Even though The Grey Gatsby, trained at Hambleton by Kevin Ryan, was wayward in the frantic final furlong, the interference appeared to be accidental.
Yet this did not help settle the nerves of Cheshire-based Gillespie, who works in the construction industry and who has horses in training with David O’Meara, Jonjo O’Neill and Ryan.
“That’s a relief,” he told The Yorkshire Post immediately after confirmation of the biggest win of his life.
“I can’t believe it. Kevin bought him from France and I didn’t think there was anything special about him. Within a couple of weeks, Kevin was on the phone and said this was a special horse.”
Gillespie, who hails from Donegal in Ireland, turned down several offers for The Grey Gatsby last year after the horse triumphed on his racecourse debut at York’s John Smith’s Cup meeting.
“People are talking about the Derby but I’ll leave that to Kevin. He’s in the French Derby,” added the owner.
As The Grey Gatsby returned to the winner’s enclosure under three-times champion jockey Ryan Moore, he was greeted by the trainer’s daughter Amy, who patted the horse.
The 2012 champion apprentice jockey, who suffered a horrendous fall at York last summer, rides The Grey Gatsby on the gallops at home and clearly has a special affinity with the three-year-old.
“From day one, you could tell he was good,” she said.
“Just his ability. You can feel it when you’re riding up the gallops.
“He is a character. He’s always biting me first thing in the morning.
“He’s cheeky. I’ll just have to get used to it. It means a lot for the yard to win a race like the Dante.”
This was a magnificent seventh winner at this year’s Dante meeting for Yorkshire-trained horses, exemplifying the White Rose county’s strength in depth when it comes to Flat racing.
For the second day running, former Grand National-winning jockey Graham Lee won the opener as Monsieur Joe flashed home to claim the Betfred Supports Jack Berry House Stakes for proud Yorkshireman Paul Midgley.
The seven-year-old has been a smart sprinter for a number of seasons for Robert Cowell and switched hands at the end of last season for 48,000 guineas.
Having run some good races in Dubai before running down the field at Lingfield, Monsieur Joe was a 25-1 shot and was produced late by Bedale-based Lee.

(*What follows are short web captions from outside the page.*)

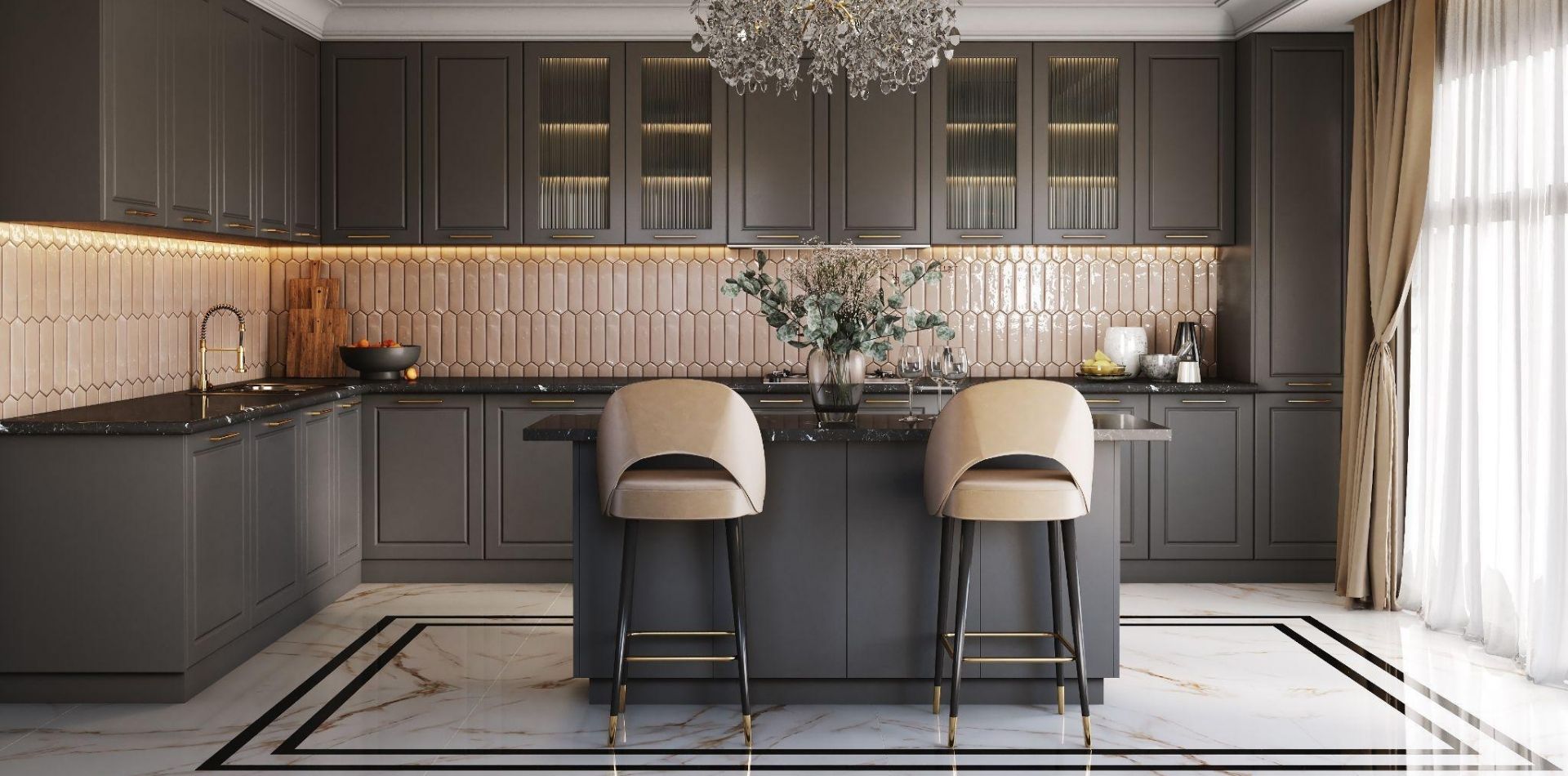 Ddesignery modular kitchen showroom in Gurgaon – L-shaped kitchen with premium laminates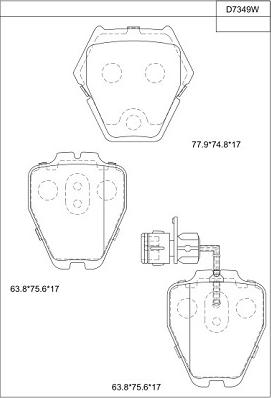 Asimco KD7349W - Bremžu uzliku kompl., Disku bremzes autodraugiem.lv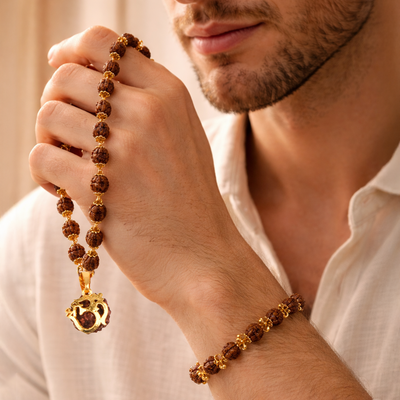 Rudraksha Golden Cap Mala with Single Rudraksha Bead & Rudraksha Gold Plated Charm Bracelet Combo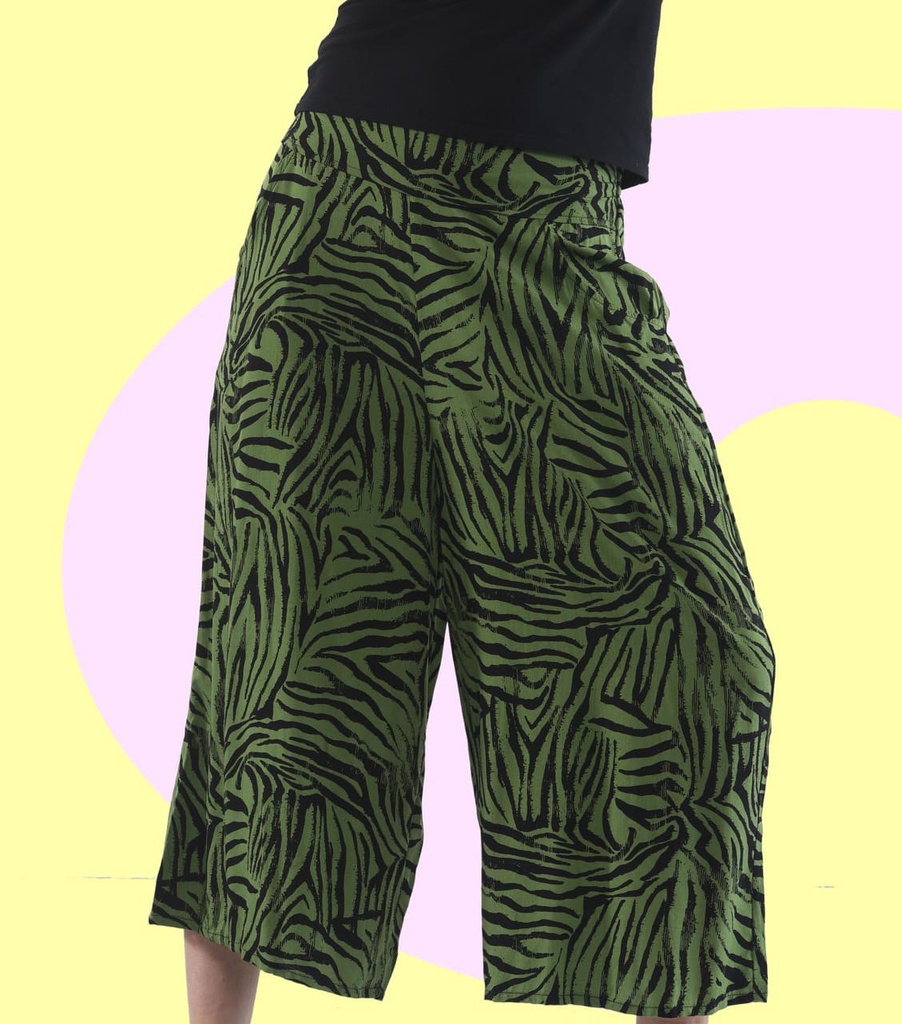 Pantalón pirata Célebes verde cebra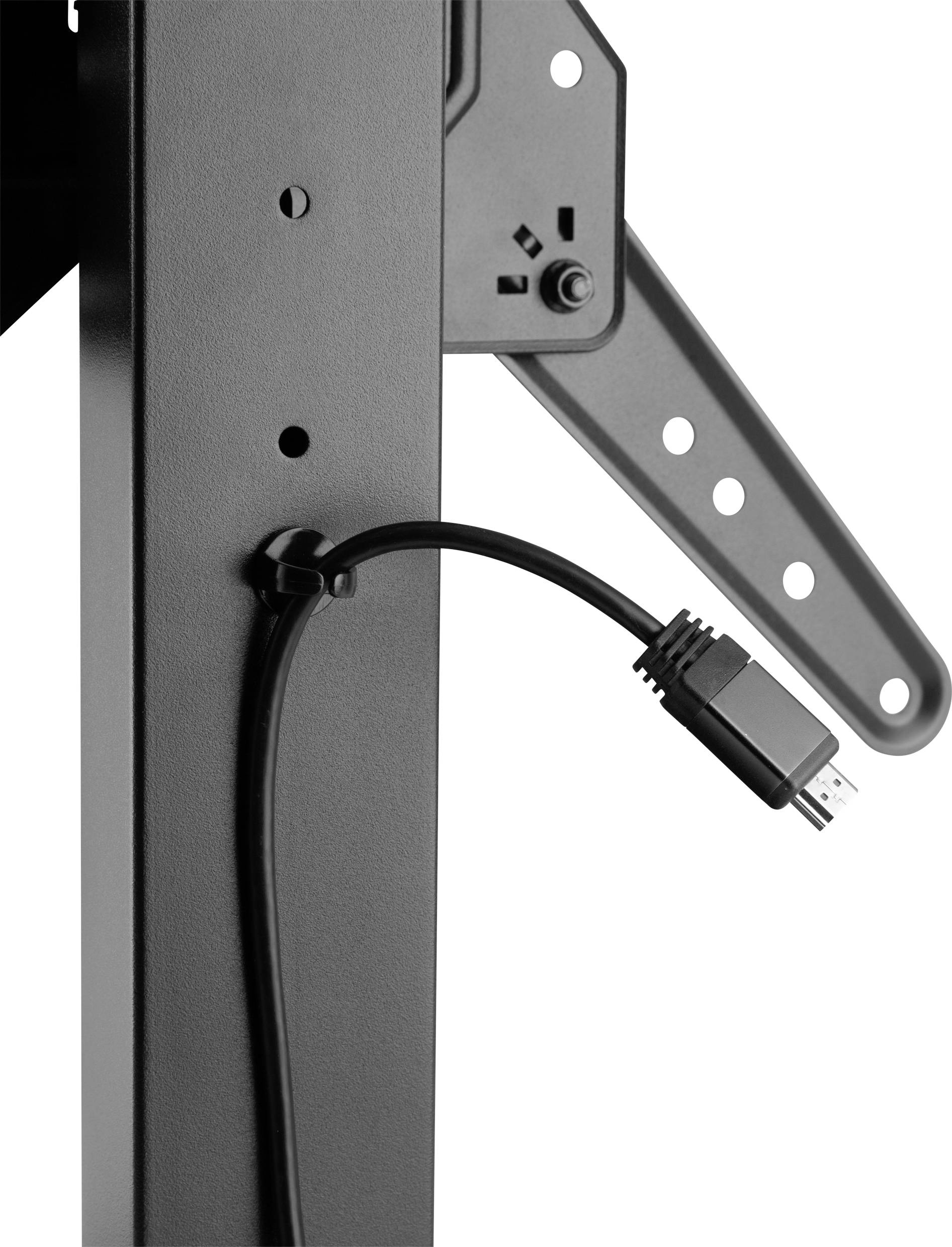 A black metal frame with a locked arm displays a threaded cable with an HDMI plug for connecting devices.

Midgley, who trains at Westow, said: “Ask any trainer in Yorkshire and they love having winners at York. I don’t think we’ve had one for two or three years.
“I wondered whether he was still capable of winning a race like this at his age, but he’s answered the question. Graham gave him a peach of a ride.
“He’ll go for the Dash at Epsom now. Before this I would have said Epsom wouldn’t have suited him, but it’s a pretty sharp five furlongs here. He wants a good gallop and you need the gaps to come. The gaps came beautifully for him and I’m absolutely chuffed.”
The main supporting race was the Middleton Stakes, with victory going to last year’s runner-up Ambivalent.
Roger Varian’s temperamental mare had to be ponied to the start, but made the running.
Varian said: “She’s a real personality, but she has a very big heart. She’s a Group One winner, so we’ll look to step her back up to Group One level now. She will probably have an international campaign in the autumn.”
A slightly disappointing third in the Dante on True Story, who will clearly benefit from a longer trip in the Epsom Derby, Kieren Fallon landed the Hambleton Stakes after producing a swashbuckling ride aboard course specialist Navajo Chief.
It could be one of the last winners to be trained by Buckinghamshire-based Alan Jarvis, who is set to lose his licence after the British Horseracing Authority deemed him to be no longer being a fit and proper person due to a debt owed to Doncaster Bloodstock Sales.
Jarvis said: “He loves it here and it was a great ride. I’ve had all the best jockeys ride for me down the years, Lester Piggott and the likes, but Kieren is the best in the world.”
Meanwhile, Frankie Dettori refused to be upstaged by his great rival Fallon after partnering Shamshon to success for Richard Hannon.
Dettori’s delight was self-evident, but even racing’s great showman and optimist had to accept that this was Yorkshire’s day – again.